Appeal from a judgment entered on an award of arbitrators, and also from an order denying a motion to vacate the award.
We see no error in the proceeding brought here to be reviewed on appeal. The submission provided that it should be entered as an order of court. The matters were such as could be submitted to arbitration under the statute. The court below had jurisdiction of the proceeding. No objection appears to have been made *120in the court below that the submission was not entered as required by law, and therefore should not be considered here.
The motion to set aside the award was made on the grounds of misconduct of the arbitrators, and that the arbitrators exceeded their powers.
Painter was not an arbitrator. Though the arbitrators consulted with him, they acted on their own judgment in making their determination. This clearly appears from the affidavits of the arbitrators.
The question presented as to the determination by the arbitrators is similar to that of the verdict of a jury, where it is agreed that each juror shall set down in figures what shall be the amount of their verdict and divide the whole sum by twelve to fix the amount, without agreeing to be bound by it, then afterward agreeing to determine the same upon consideration of the evidence. A verdict so found has been held to be good. (Wilson v. Berryman, 5 Cal. 45.).

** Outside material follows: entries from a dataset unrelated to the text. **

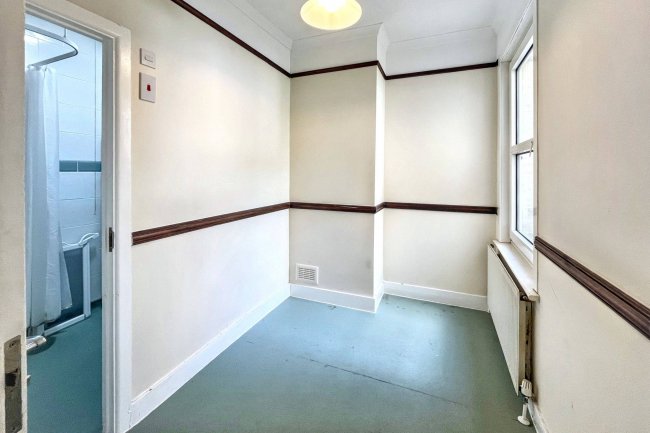 166 Frant Road, Thornton Heath, CR7 7JW 5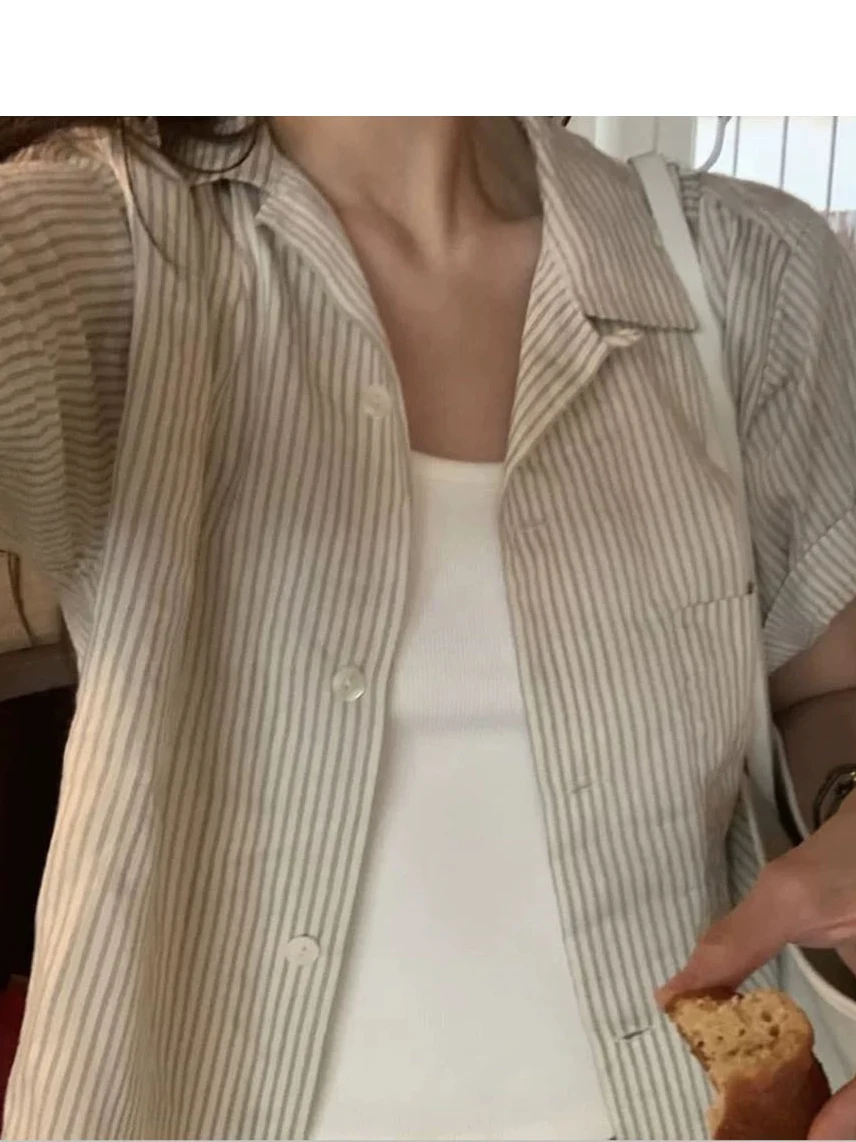 Casual Stripe Pattern Short Sleeve Shirt for Women Thin Flip Collar Loose Workwear Style Commute Shirt with Patch Pocket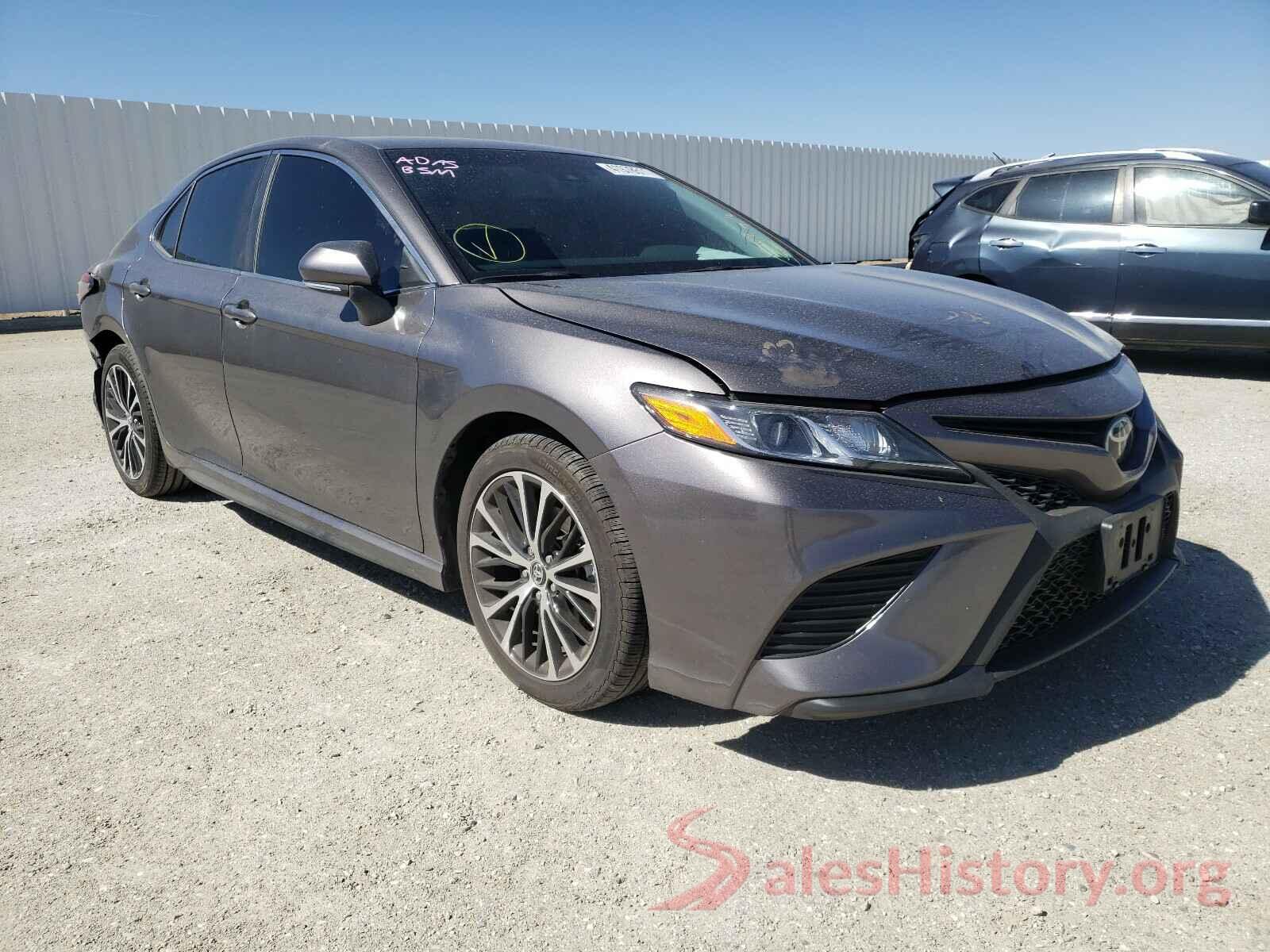 4T1B11HKXJU154724 2018 TOYOTA CAMRY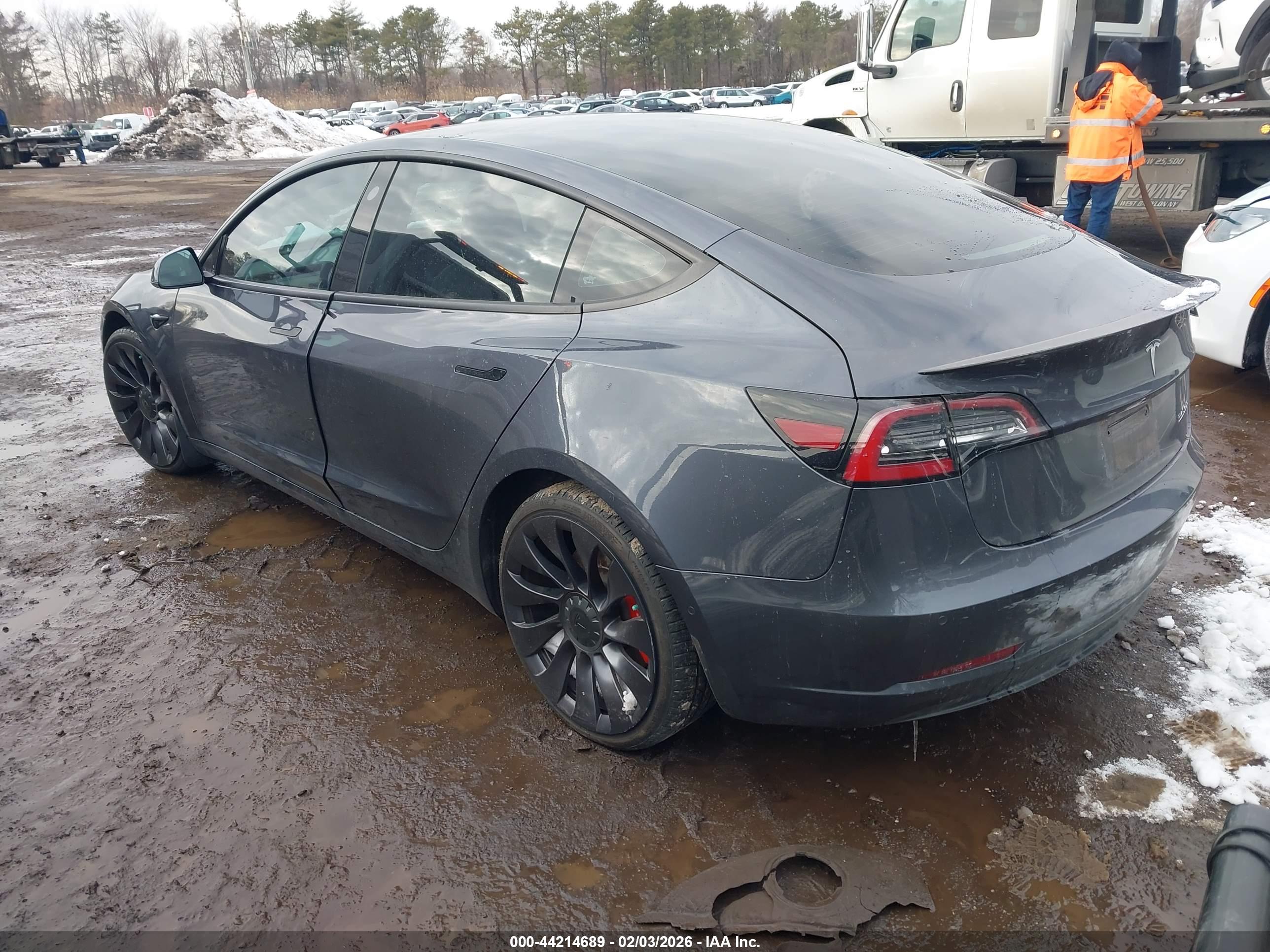 TESLA MODEL image 3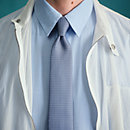 View: Worn, Pinces H tie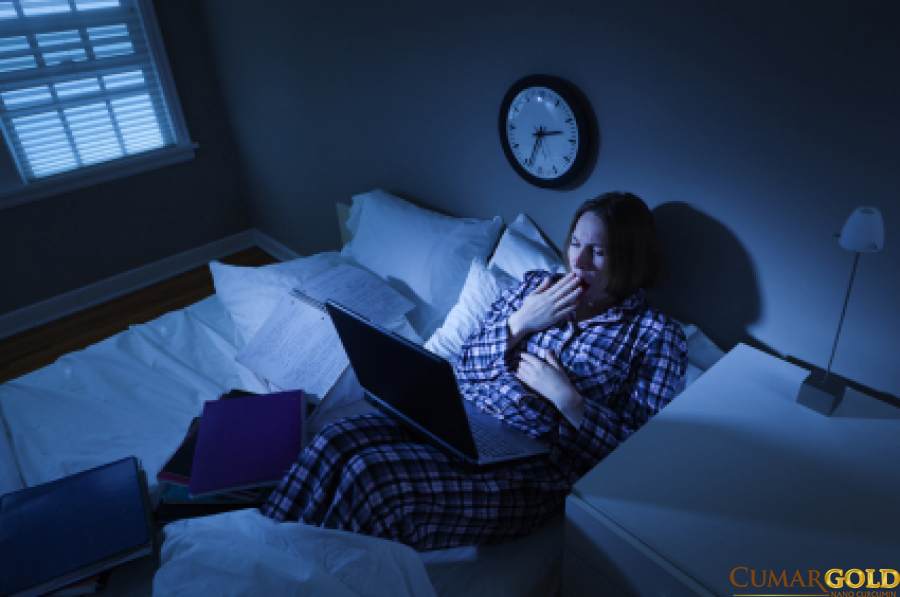 Thức quá khuya cũng là một trong những nguyên nhân viêm hang vị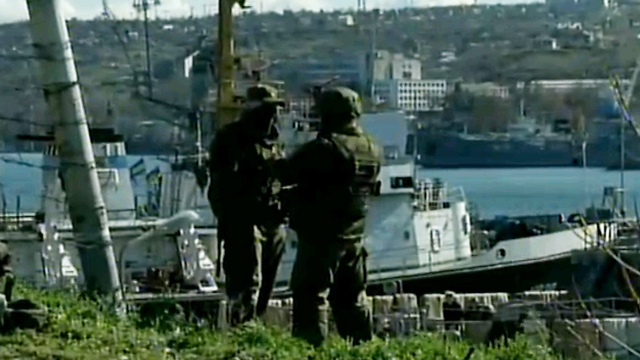 חיילים ליד נמל סבסטופול (צילום: רויטרס) (צילום: רויטרס)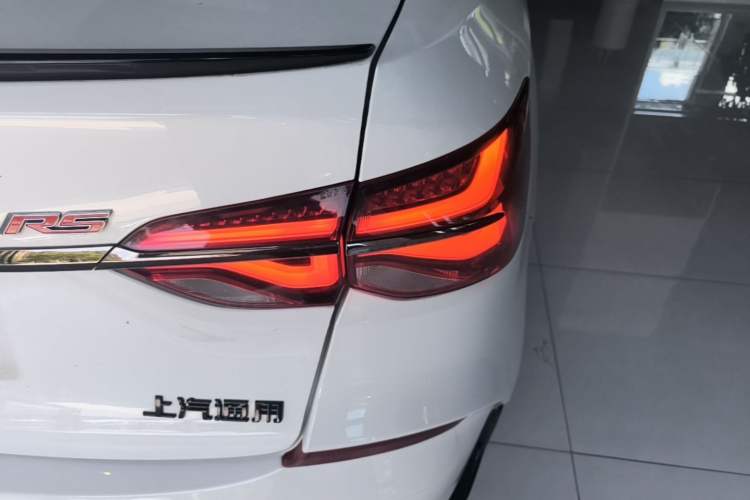 Used Chevrolet Monza 2022 Light Hybrid RS 330T Automatic Comfort Edition Right Rear Taillight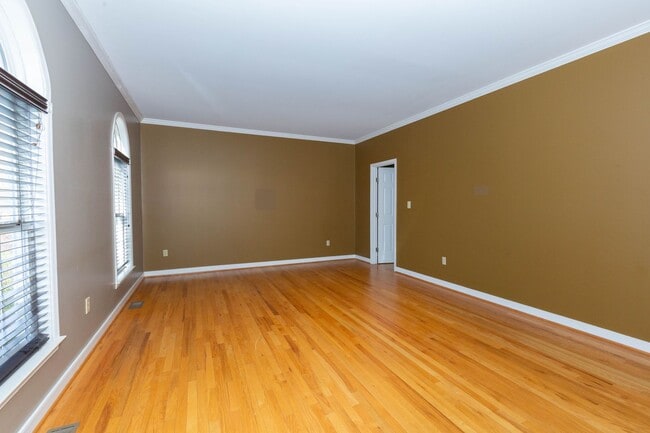 Building Photo - 4 bed, 3.5 bath Single Family Home in Charles Town, WV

We do not think the arbitrators exceeded their powers under the submission.
The matters referred to the determination of the arbitrators related to a certain difference which had arisen between the parties; growing out of partnership transactions in making and selling bricks. The articles of copartnership were made part of the submission, and were attached to it as an exhibit. The submission provided that the arbitrators “ shall decide upon the amounts of money that each party hereto may owe the other party hereto, at the date of this submission, arising or becoming due upon any of the transactions, acts, or omissions referred to in the preambles to this submission, and having found such amounts, shall therefrom arrive at their award, and said award may be entered as a judgment,” etc.
It is declared in the- submission that the reference to arbitrators is made “in order that all matters in differ-*121enc-e, now existing between ” the parties, “in reference to said brick-making business,” and “that all rights of action of each of said parties against the other, arising out of said brick business, may be conclusively settled.” This the arbitrators proceeded to do, and determined, first, that of the profits Simon had received in money in excess of his share, $1,926.73, for which sum Mills was entitled to a judgment against him.
There were bills due the concern, not collected at the date of the submission, a list of which is appended to the award, as to which the arbitrators made the following finding:—•
“That there are still assets existing under the terms of said agreement in the shape of ‘bills receivable,’ which are due to said Mills, as trustee for said Simons and Mills, under the terms of said agreement, and of which, after collections are made and expenses of collection paid, Simons will be entitled to two fifths, and Mills to three fifths.”
We are of opinion that the arbitrators were called in under the terms of the submission, to determine what amounts were due to each of the uncollected assets, styled in the above finding “ bills receivable.”
Under the articles of partnership, all moneys received on account of the business of brick-making were to be paid to and disbursed by the parties of the first part. These parties of the first part were originally Mills and one Eosenberger. Mills acquired by purchase Eosenberger’s interest, and Mills then represented the parties of the first part.
The above finding of the award is objected to by counsel for Simons, as giving Mills the authority to collect the uncollected assets. But this view is erroneous. Mills had that authority under the articles, and the statement in the finding is a reference to and recital of that authority, as existing under the terms of the partnership agreement, and properly directs that after Mills *122has collected the bills referred to, Simons will be entitled to two fifths and Mills to three fifths of such moneys, —in other words, that when Mills collects the moneys referred to, he will owe Simons two fifths of such collections, and he (Mills) will be entitled to retain three fifths, expense of collection to be deducted. This division of the moneys to be realized on collections made is also in accordance with the terms of the agreement of partnership. The amount due by Mills to Simons when he has made the collections referred to was thus determined, and correctly determined. We think this was within the powers conferred on the arbitrators by the submission.
We find no error in the records, and the judgment in one case (13082), and the order denying the motion to vacate the award in the other case (13083), are affirmed.
Ordered accordingly.
Sharpstein, J., Works, J., Paterson, J., and McFarland, J., concurred.